Data shown:
------------------------------

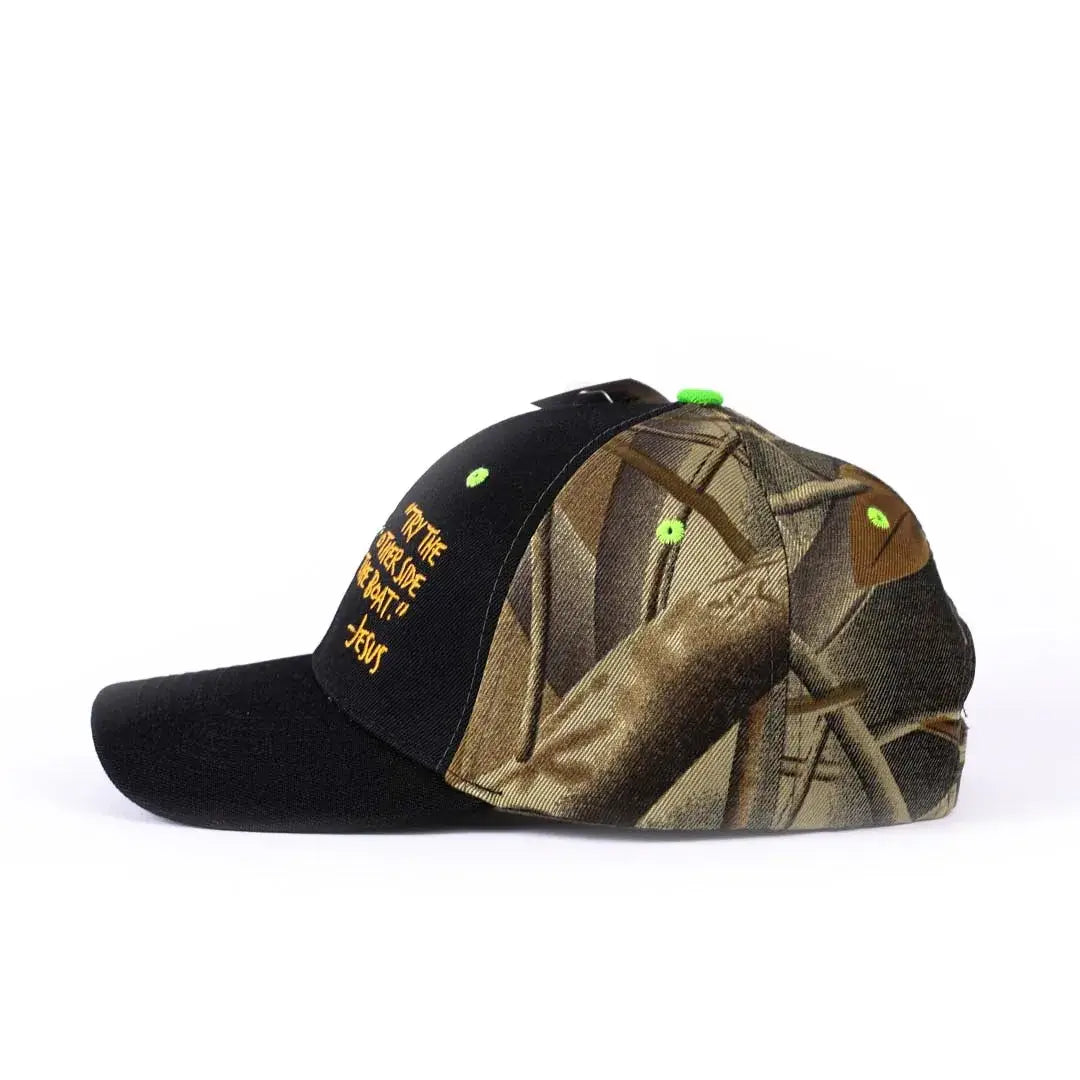 Fisher of Men Cap - Black and Camo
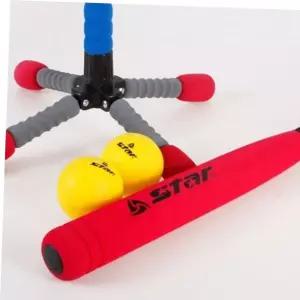 롤링티볼세트 폴대 티볼 배트 야구 베이스볼 티볼공 스타 세트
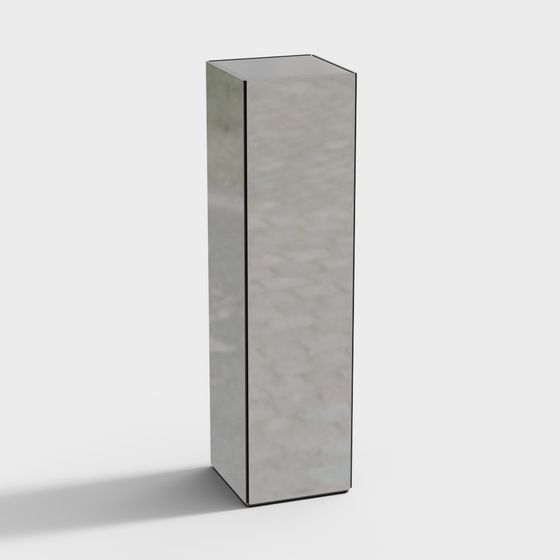 Stylish Concrete Column 3D model for Urban Designs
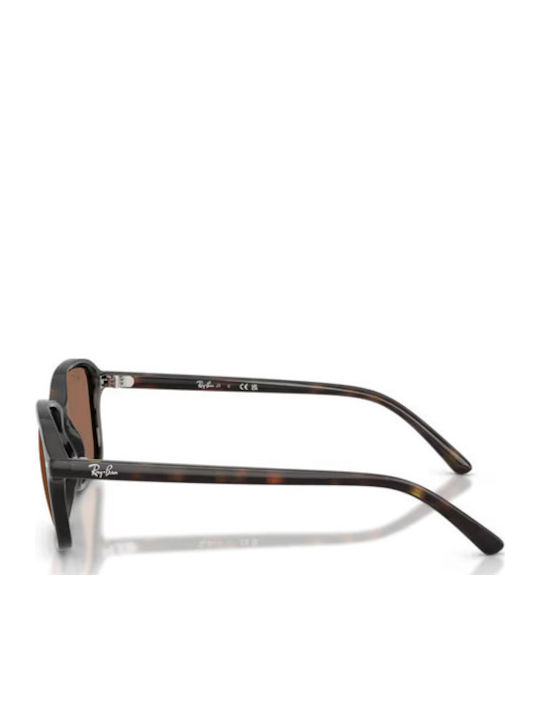 Ray Ban Quadratische Kinder-Sonnenbrillen mit polarisierten braunen Gläsern für 7-11 Jahre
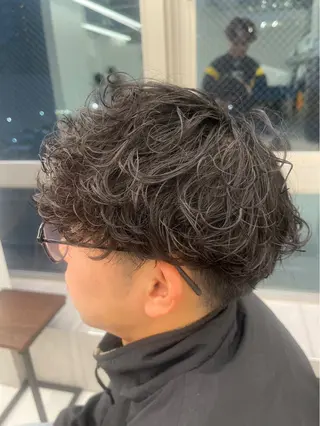 ミディアム パーマ メンズ 中山 皓貴のヘアスタイル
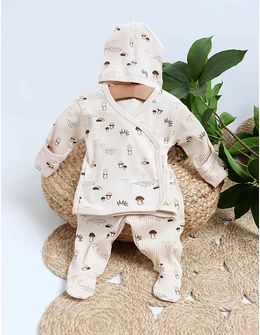 Costumas 3 piese Ciupercute model crem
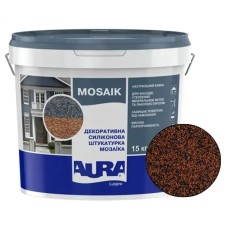Декоративна силіконова штукатурка мозаїка (байрамікс) Aura Luxpro Mosaik М10, колір S153, 1,0 мм, 15 кг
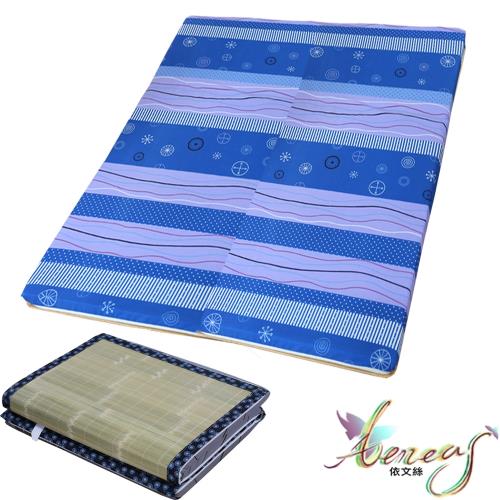 日式刮青蓆-霓彩樂園床墊-雙人5x6尺
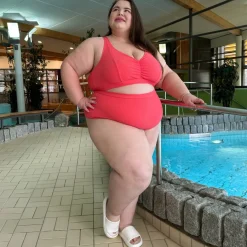 There Can Be Only One Bikini Top - Coral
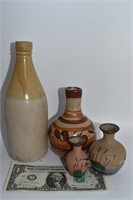4 Hand Thrown Pottery Pieces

------------------------------

Activity: Only the lines from the beginning of the records through the line bearing "ミディアム パーマ メンズ 中山 皓貴のヘアスタイル" belong in the answer, copied word for word with pictures left out.

Solution for this task:
 Fisher of Men Cap - Black and Camo
 롤링티볼세트 폴대 티볼 배트 야구 베이스볼 티볼공 스타 세트
 Stylish Concrete Column 3D model for Urban Designs
 Ray Ban Quadratische Kinder-Sonnenbrillen mit polarisierten braunen Gläsern für 7-11 Jahre
 ミディアム パーマ メンズ 中山 皓貴のヘアスタイル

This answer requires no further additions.